* Exercise data
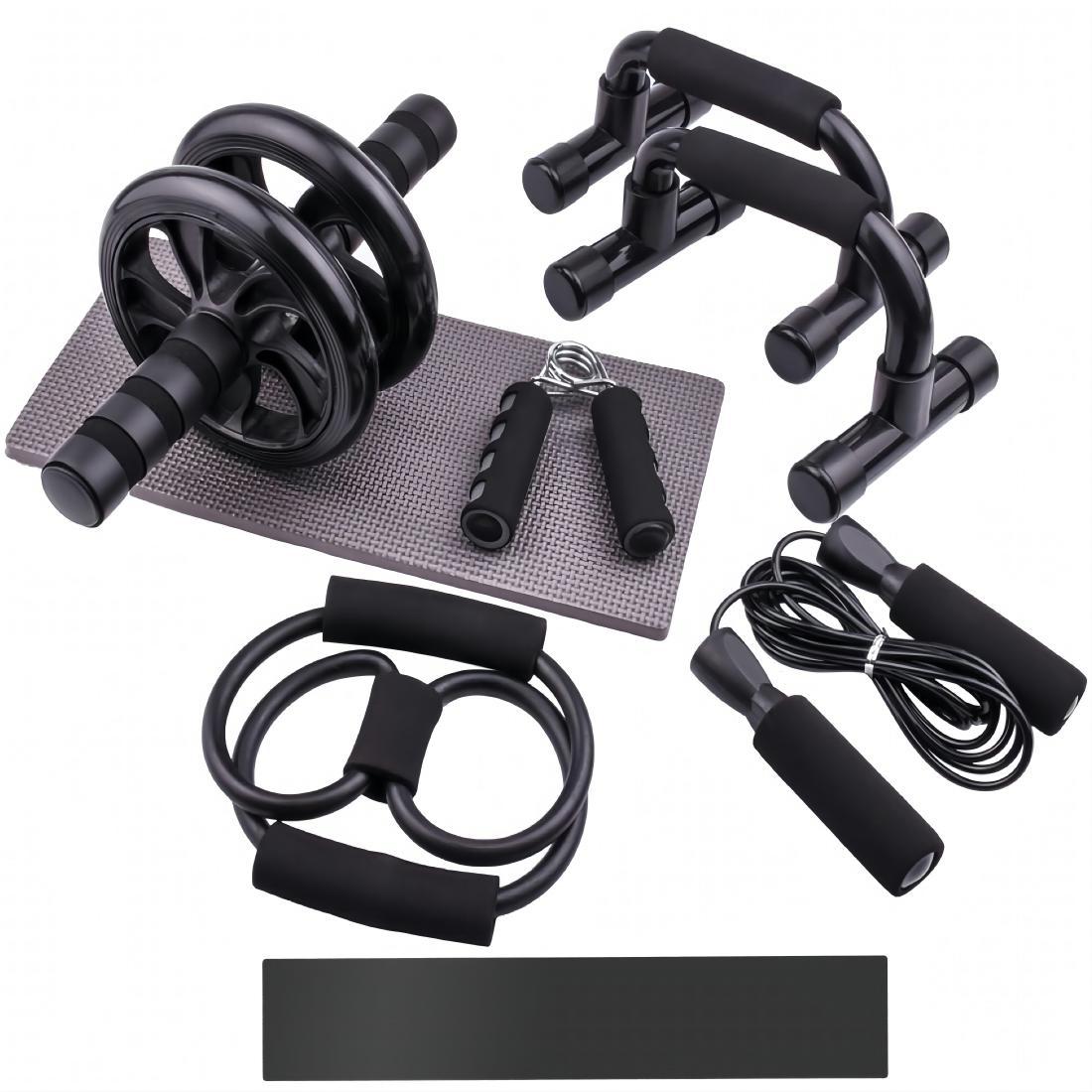 Cross-border foreign trade abdominal wheel push-ups home combination set multi-functional sports comprehensive training fitness 7-piece set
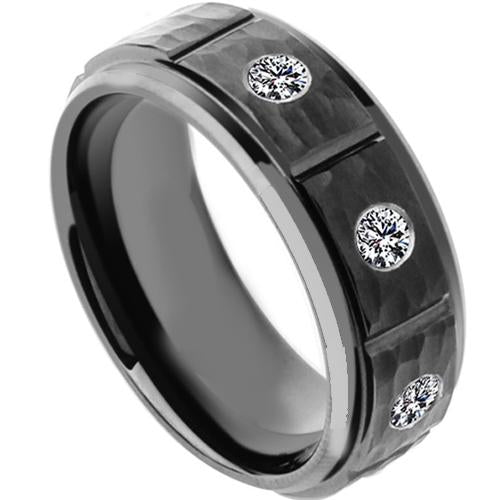 Tungsten Carbide Men's Rings Black Tungsten Carbide Hammered Center Step With Cubic Zirconia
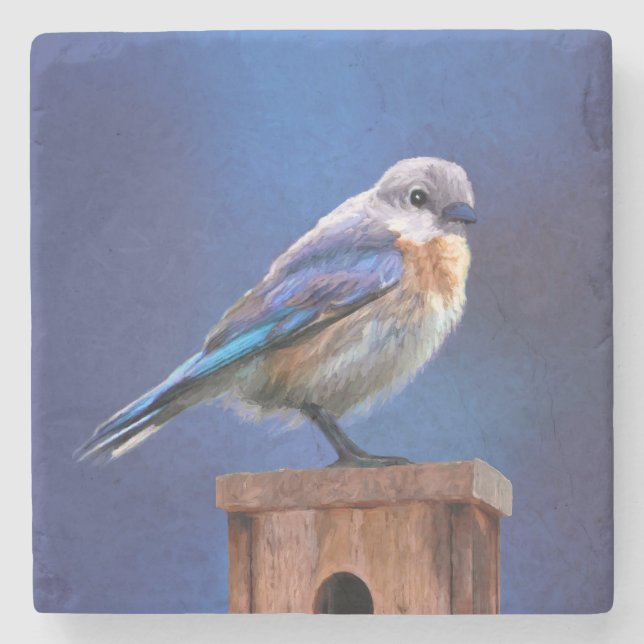 Bluebird (Female) Painting - Original Bird Art Stone Coaster (Front)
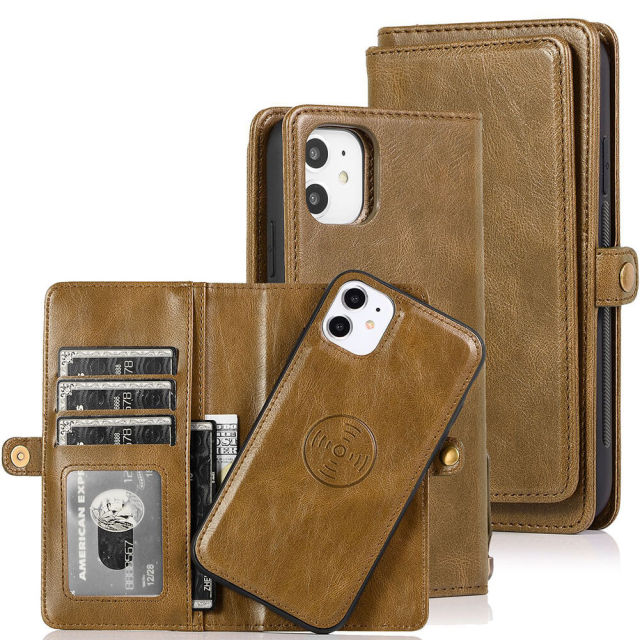 Folio Phone Case Wallet Compatible with iPhone 14 Deluxe 2 in 1 Folding iPhone Wallet Case Magnetic Detachable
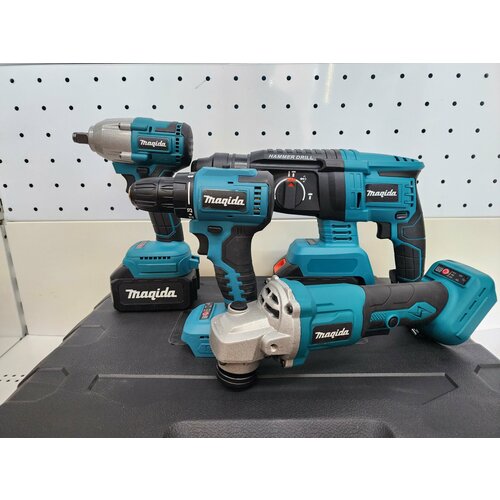 Набор аккумуляторного инструмента Magida 4 в 1 ушмперфораторгайковертшуруповерт 88В 3Ач кейс 1860000₽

* Exercise
Beginning with the line that contains "Folio Phone Case" and ending with the last line of the data above, output those lines exactly and nothing more, without any pictures.

* Completed task
 Folio Phone Case Wallet Compatible with iPhone 14 Deluxe 2 in 1 Folding iPhone Wallet Case Magnetic Detachable
 Набор аккумуляторного инструмента Magida 4 в 1 ушмперфораторгайковертшуруповерт 88В 3Ач кейс 1860000₽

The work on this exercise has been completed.